Nord -Marc

Le polonais tombé du ciel !

J’étais en 1974 journaliste à l’agence de Nord Matin à Boulogne sur Mer, qui, comme chacun sait est, où était du moins, le premier port de pêche de France avec environ 150000 tonnes de poissons pêchés par an.

Un jour, ma direction  me propose de participer à un voyage de presse en Pologne avec possibilité de visiter les chantiers navals de Gdansk, ancienne Dantzig, grand port sur la mer Baltique.

Sachant qu’une partie des chalutiers industriels boulonnais étaient construits là-bas, que dans des postes précédents dans les mines du Pas de Calais, j’avais côtoyé nombre de français d’origine polonaise qui m’avaient tant parlé de leur pays natal, j’acceptais de participer à ce voyage avec enthousiasme.

Le programme comportait quatre jours à Varsovie. Dans la capitale, nos hôtes furent soucieux de nous présenter l’économie de leur pays, son histoire, sa politique…Puis notre groupe de cinq journalistes se scindaient : trois d’entre nous partirent dans la région de Cracovie, quant à moi et un autre compagnon de voyage nous prîmes la direction de Gdansk, située à 300    kilomètres au nord.

Il nous fallut quelques heures de train, en partie la nuit, pour arriver à destination, avec un retard conséquent, bien après minuit.

De fait, il restait bien peu de monde à descendre du convoi, terminus du voyage, si bien que dans le hall de l’immense gare nous ne tardâmes pas à ne rester que deux. L’hôtesse qui devait nous réceptionner n’étant pas au rendez-vous !

Je vous déconseille la gare de Gdansk à une heure du matin, un soir de Mars. Il y fait froid, c’est, comme toutes les gares, inconfortable et l’on s’y ennuie, car tout est fermé.

Il n’était pas question pour nous de passer la nuit dans ce sinistre endroit. Après quelques minutes sans croiser âmes qui vivent, nous sortîmes du bâtiment. La place de la gare était aussi déserte que le hall, et nous avions un problème sérieux : nous ignorions le nom de notre hôtel !

Par chance, un grand hôtel dont l’entrée était éclairée se situait de l’autre côté du terre plain.

Le réceptionniste était le seul occupant des lieux, une salle des pas perdus et un comptoir d’accueil, quelques fauteuils confortables…Je me suis alors dit que la grande ville de Gdansk était bien peu animée à cette heure encore convenable, mais, au moins pourrions-nous peut être passer la nuit là.

Mais un nouveau problème survînt : le veilleur de nuit ne parlait que le polonais, pas nous ! Il ne connaissait ni l’anglais, ni l’allemand. A force d’échanges laborieux, nous nous rendîmes à l’évidence, l’hôtel était complet.

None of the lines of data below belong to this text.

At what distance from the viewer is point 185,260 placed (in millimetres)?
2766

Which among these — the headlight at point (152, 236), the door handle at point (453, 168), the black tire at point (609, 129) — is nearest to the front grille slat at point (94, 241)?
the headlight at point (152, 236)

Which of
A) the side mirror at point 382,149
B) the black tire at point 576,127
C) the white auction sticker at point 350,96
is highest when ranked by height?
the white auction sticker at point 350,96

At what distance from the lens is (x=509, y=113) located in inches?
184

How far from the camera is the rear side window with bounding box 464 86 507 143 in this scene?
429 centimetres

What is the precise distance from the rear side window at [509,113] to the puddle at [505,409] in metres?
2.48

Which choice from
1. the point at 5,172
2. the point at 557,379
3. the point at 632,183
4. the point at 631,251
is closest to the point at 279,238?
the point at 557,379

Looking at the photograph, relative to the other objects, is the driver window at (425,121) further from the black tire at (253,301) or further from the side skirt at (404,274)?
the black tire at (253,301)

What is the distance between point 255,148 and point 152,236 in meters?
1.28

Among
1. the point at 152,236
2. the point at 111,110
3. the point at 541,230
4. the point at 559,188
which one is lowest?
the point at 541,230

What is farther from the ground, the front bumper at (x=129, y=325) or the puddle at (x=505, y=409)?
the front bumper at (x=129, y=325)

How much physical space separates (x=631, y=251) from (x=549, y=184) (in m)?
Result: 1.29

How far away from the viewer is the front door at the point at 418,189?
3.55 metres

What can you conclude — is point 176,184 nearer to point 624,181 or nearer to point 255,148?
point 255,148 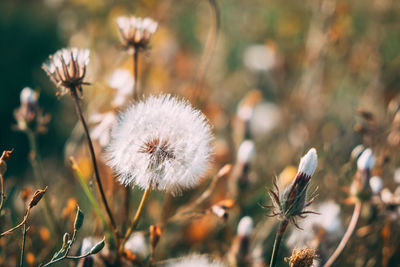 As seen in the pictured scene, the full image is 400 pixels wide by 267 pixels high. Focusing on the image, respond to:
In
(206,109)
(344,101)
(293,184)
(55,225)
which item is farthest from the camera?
(344,101)

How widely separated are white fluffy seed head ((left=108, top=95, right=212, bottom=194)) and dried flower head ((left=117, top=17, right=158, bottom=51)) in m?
0.15

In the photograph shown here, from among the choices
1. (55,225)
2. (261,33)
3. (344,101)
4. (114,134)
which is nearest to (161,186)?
(114,134)

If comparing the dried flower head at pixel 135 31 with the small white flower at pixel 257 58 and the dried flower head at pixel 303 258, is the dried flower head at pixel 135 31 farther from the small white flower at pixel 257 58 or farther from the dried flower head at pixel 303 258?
the small white flower at pixel 257 58

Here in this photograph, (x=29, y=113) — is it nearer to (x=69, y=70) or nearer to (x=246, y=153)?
(x=69, y=70)

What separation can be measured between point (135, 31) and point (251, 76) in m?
1.38

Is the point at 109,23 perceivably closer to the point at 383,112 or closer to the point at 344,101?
the point at 344,101

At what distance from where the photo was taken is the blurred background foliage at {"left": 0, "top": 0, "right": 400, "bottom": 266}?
1217 millimetres

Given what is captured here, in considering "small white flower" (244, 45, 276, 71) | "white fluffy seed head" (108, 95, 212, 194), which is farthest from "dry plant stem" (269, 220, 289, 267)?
"small white flower" (244, 45, 276, 71)

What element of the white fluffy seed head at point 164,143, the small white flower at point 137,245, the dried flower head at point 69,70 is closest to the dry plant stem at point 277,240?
the white fluffy seed head at point 164,143

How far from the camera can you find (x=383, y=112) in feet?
4.68

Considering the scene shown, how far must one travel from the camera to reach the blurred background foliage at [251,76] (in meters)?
1.22

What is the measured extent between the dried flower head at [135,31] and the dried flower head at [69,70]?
0.40 feet

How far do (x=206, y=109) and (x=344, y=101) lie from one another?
0.73 metres

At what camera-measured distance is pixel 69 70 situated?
64 centimetres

Soudain, une voix salvatrice nous parvint du centre du hall qui s’exprimait en français, «puis je vous aider ? ».

Elle émanait d’un homme vêtu d’un bleu de travail, grand, la cinquantaine, celui de la providence. Il nous servit d’interprète en à peine une minute, le temps d’apprendre que nous étions dans le bon hôtel, des chambres étant réservées à nos deux noms, enfin que notre hôtesse allait venir. Notre retard l’avait découragée.

Je n’ai hélas pas pu remercier notre interprète. Il avait disparu aussi vite qu’il était apparu !

Tout juste avait-il eu le temps de nous dire qu’après la guerre, il avait  immigré en France. Il préféra finalement rejoindre son pays natal quelques mois plus tard. Le plus extraordinaire est qu’il avait été mineur à Bruay en Artois, là où j’avais moi-même habité.

Je ne saurai jamais qui était cet homme venu de la nuit profonde nous tirer d’affaire, tout juste qu’il était devenu routier international, et à l’image de tous les polonais, un exemple d’hospitalité et de savoir-vivre.